2 Punkte von ereshkigal:
imdb.com fasst den Inhalt schon schön zusammen: "Four fascist libertines round up 9 teenages boys and girls and subject them to 120 days of physical, mental and sexual torture." - mehr gibts auch nicht zu sehen. Die Handlung ist gleich null. Der Film beschränkt sich einzig und allein darauf, möglichst viele Perversitäten und Sauereien aneinanderzureihen die sich von vier älteren Herren ausgedacht werden. Warum diese Vier dieses ganze Affentheater veranstalten, wird in den knapp zwei Stunden Spielzeit eigentlich auch nicht genau erklärt. Es ist halt einfach so... Hab den Film im Kino gesehen, viele Leute haben den Saal verlassen. Auch ich fand ihn nur schwer zu ertragen.

2 Punkte von raziel:
Wohl einer der kontroversesten und mystischsten Filme die der europäische Filmmarkt zu bieten hat.

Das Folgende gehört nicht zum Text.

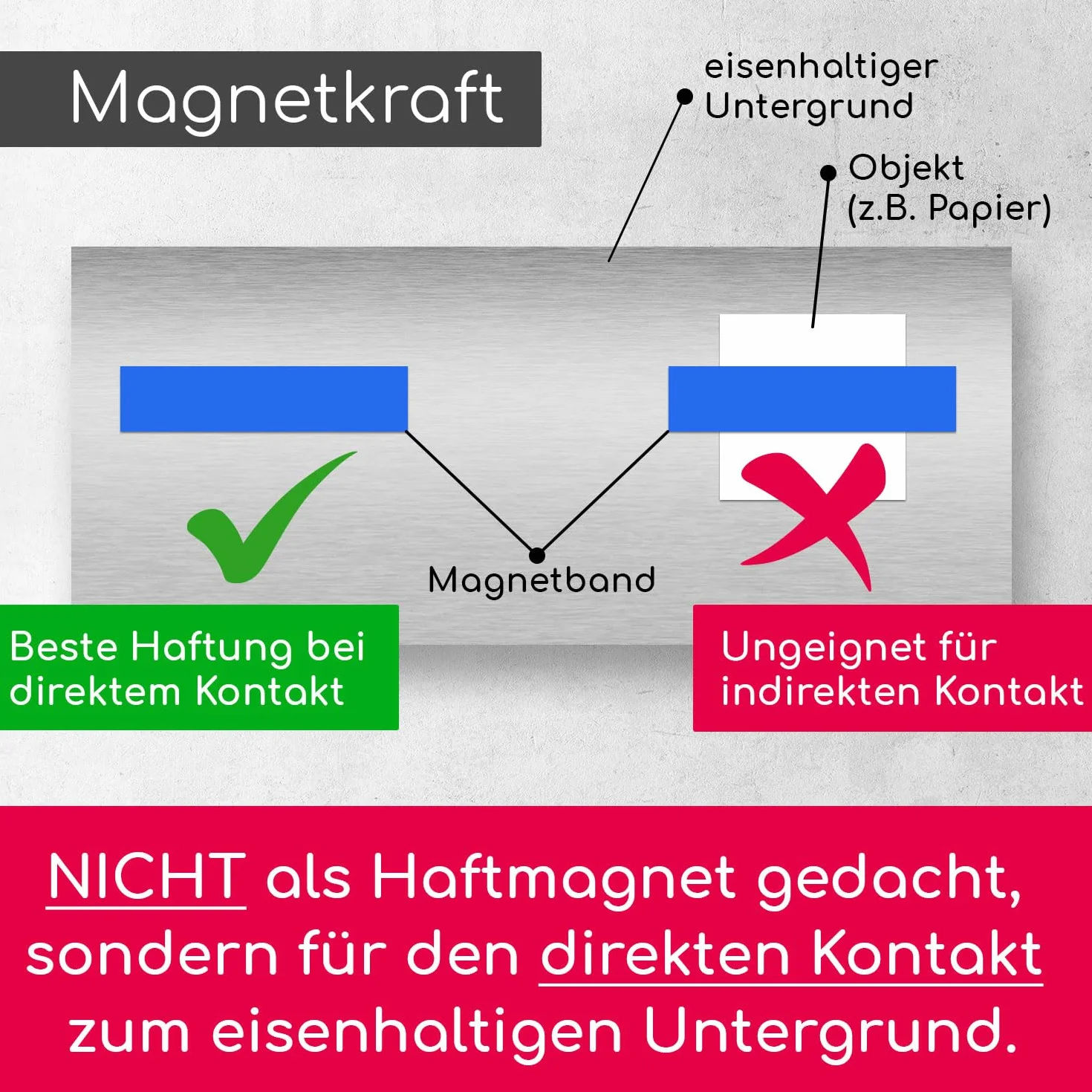 5 x paski magnetyczne posortowane pod względem koloru I ok. 1 cm x 1 m taśma magnetyczna do zaznaczania podziału na tablicach suchościeralnych, regałach magazynowych, kalendarzach, etykietach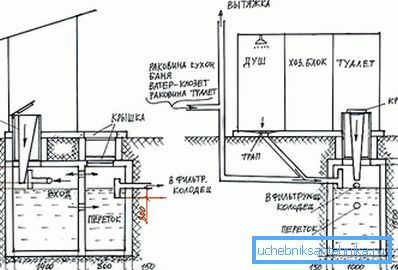 Diagrama unui rezervor septic de beton fără pompare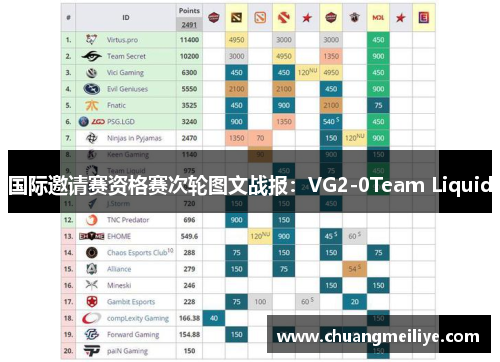 国际邀请赛资格赛次轮图文战报：VG2-0Team Liquid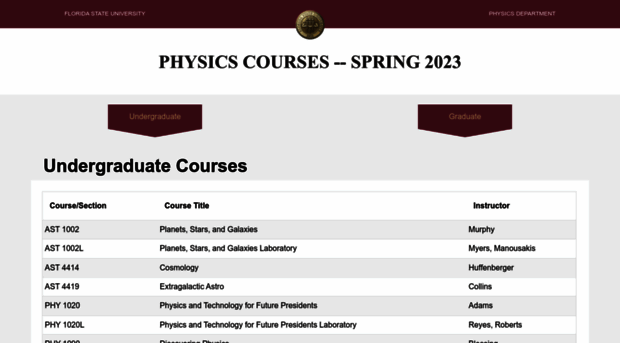 web2.physics.fsu.edu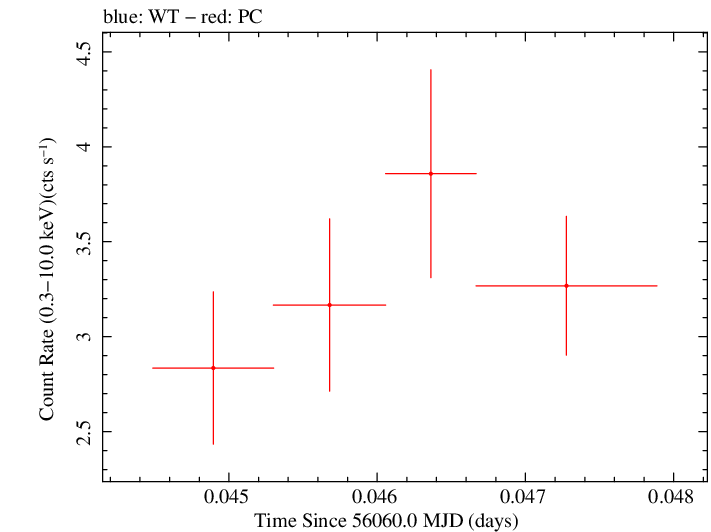 Swift light curve for Observation ID 00030375090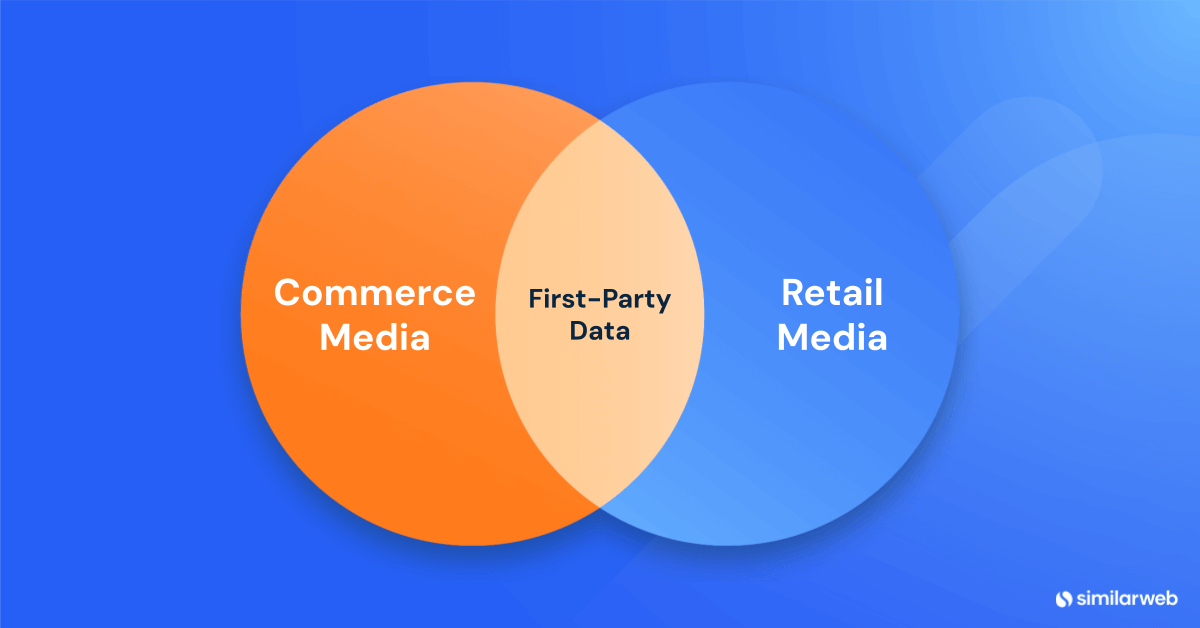 retail and commerce media venn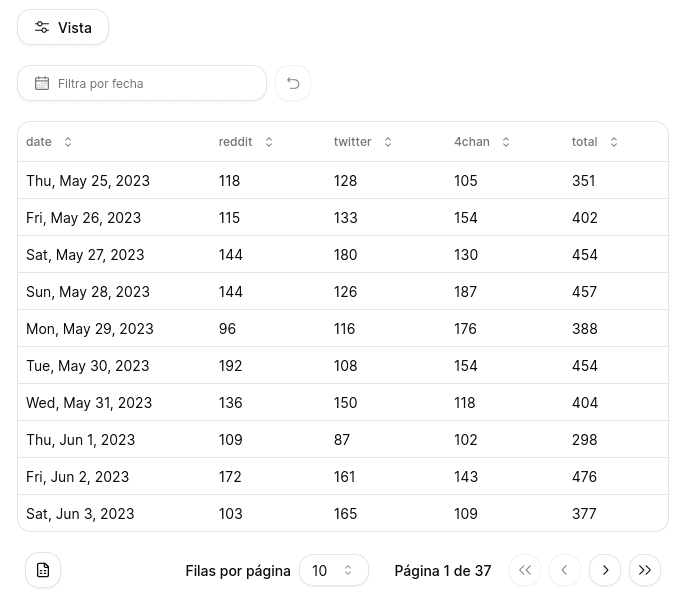 Table Example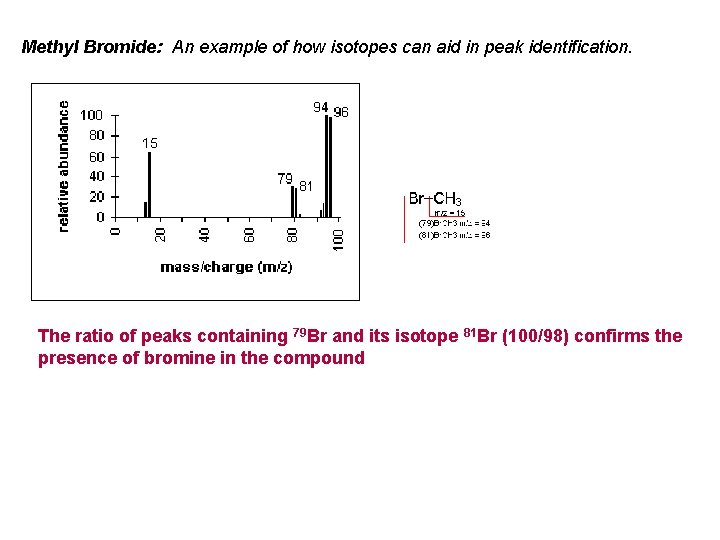 Methyl Bromide: An example of how isotopes can aid in peak identification. The ratio Methyl Bromide: An example of how isotopes can aid in peak identification. The ratio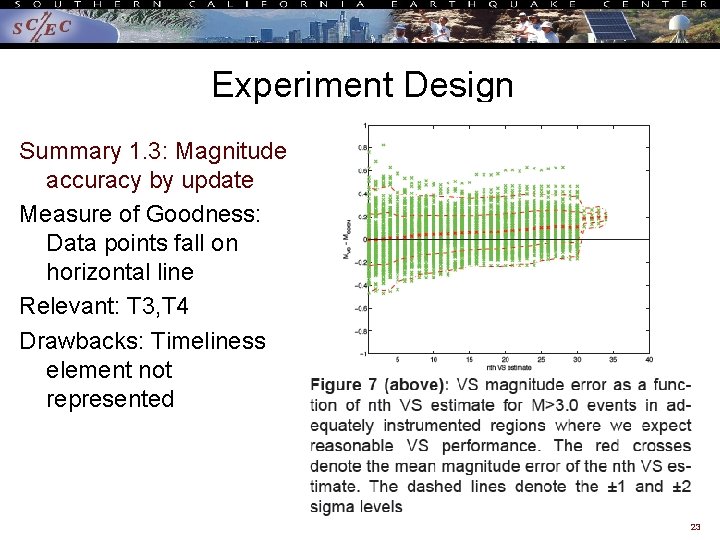 Experiment Design Summary 1. 3: Magnitude accuracy by update Measure of Goodness: Data points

In der BRD fühlten sich die Konservativen sogar derart stark herausgefordert, dass "Salo" sofort auf den Index verbannt wurde. Schaut man sich den Film nun an ist dies weitestgehend unverständlich. Ohne etwas zu verharmlosen handelt es sich eben einfach um eine durchaus forschende Auseinandersetzung mit dem menschlichen Geist. Es geht um Themen wie Sadismus ( -> stammt begrifflich von "de Sade!") und Paraphilie. Einen groben Fehler begeht der Film jedoch: Pasolini legte die Geschehnisse aus dem Buch in die Zeit des Faschismus, wodurch der Eindruck entsteht, dass jene Bilder Auswüchse des Faschismus seien. Allerdings war literarisch vorgesehen, dass es sich schlicht und einfach um libertinistische Wohlständische handelt. Alles in allem würde ich trotzdem soweit gehen und sagen, dass eigentlich jeder Mensch "Salo" gesehen haben sollte, obwohl er am Ende vor allem eins bleibt: Tierisch langwierig.